All this, and she can play the banjo!
Simply put, if Courtney’s name is on something, it is something I want to see.
If it seems like she is running from one thing to the next, I think that is because she is always in the middle of doing something. She has what seems to be dozens of irons in the fire and, of course, they are all interesting.
As a songwriter, I’m particularly impressed with Courtney’s music. She writes a ton of songs are thematically similar and yet all very different. I spent most of my time watching them play paying very close attention to the lyrics because they are awesome.
I’m really in awe of her storytelling ability. It isn’t just the writing, which is exceptional, but also the personality she brings to the presentation. It is a vibrant and expressive personality of someone who is completely in the moment.
I think that is why I enjoy her presence on the Vilification Tennis cast. She is one of a few performers who walks on stage without a lot of prepared material. That can be a very risky proposition but I think it helps her be more present on stage than she would be if she walked in with only pre-planned material.
I’ve really enjoyed getting to know Courtney as a collaborator and as an audience member. She’s a truly talented person.
I met John through work when he took over for my old boss. He’s since left the company but we’ve continued to work together as collaborators on Fringe shows.
When he came to work in the office, we hit it off right away. I think we have fairly similar personalities. Our senses of humor were perfectly matched and we both liked most of the same things. He made work a lot of fun and while it made sense for him to move on when he did, I still miss seeing him every day.
John is the person most responsible for pushing me into writing more. He suggested “Highlander: The Musical” as a show title and I said I would write the music for him if it got into the fringe. It was a crazy thing to say since I’d never written a musical before.
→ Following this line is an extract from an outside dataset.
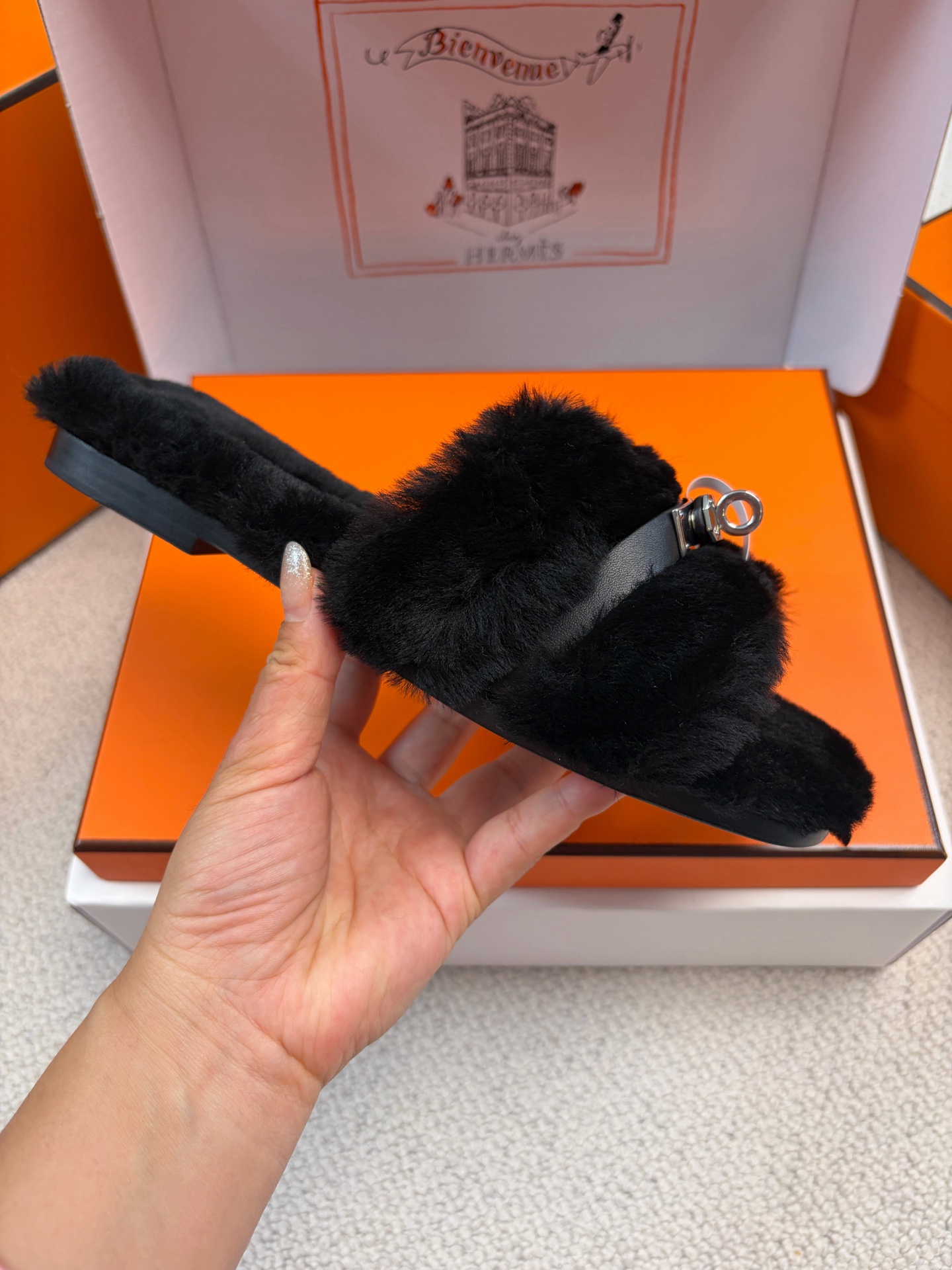 Hermès furry slippers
That has led to a lot of writing projects that I never would have considered.
When John gets excited about something, you can’t help but be excited as well. He gets a wild look of determination in his eyes and it’s hard to say anything but yes, let’s give it a try.
I do possess a certain level of awe for people like John, who actually enjoy directing. I’m happy to write things and have someone else figure out how to make those things look on stage. John is one of those people and I’m extraordinarily lucky to have found someone who works well with me and has an understanding of what I’m trying to do with my writing.
His marketing skills are something I wish I possessed. When there needs to be artwork produced for a show, he puts it together in what seems like seconds and it is always considerably better than anything I would have created.
Random chance is a funny thing. John and I started working together without any knowledge of each other’s theatre background. We hit it off and the result has been an artistic partnership far more fruitful than what either of us expected.
I’m very pleased random chance brought the two of us together. I look forward to many more collaborations.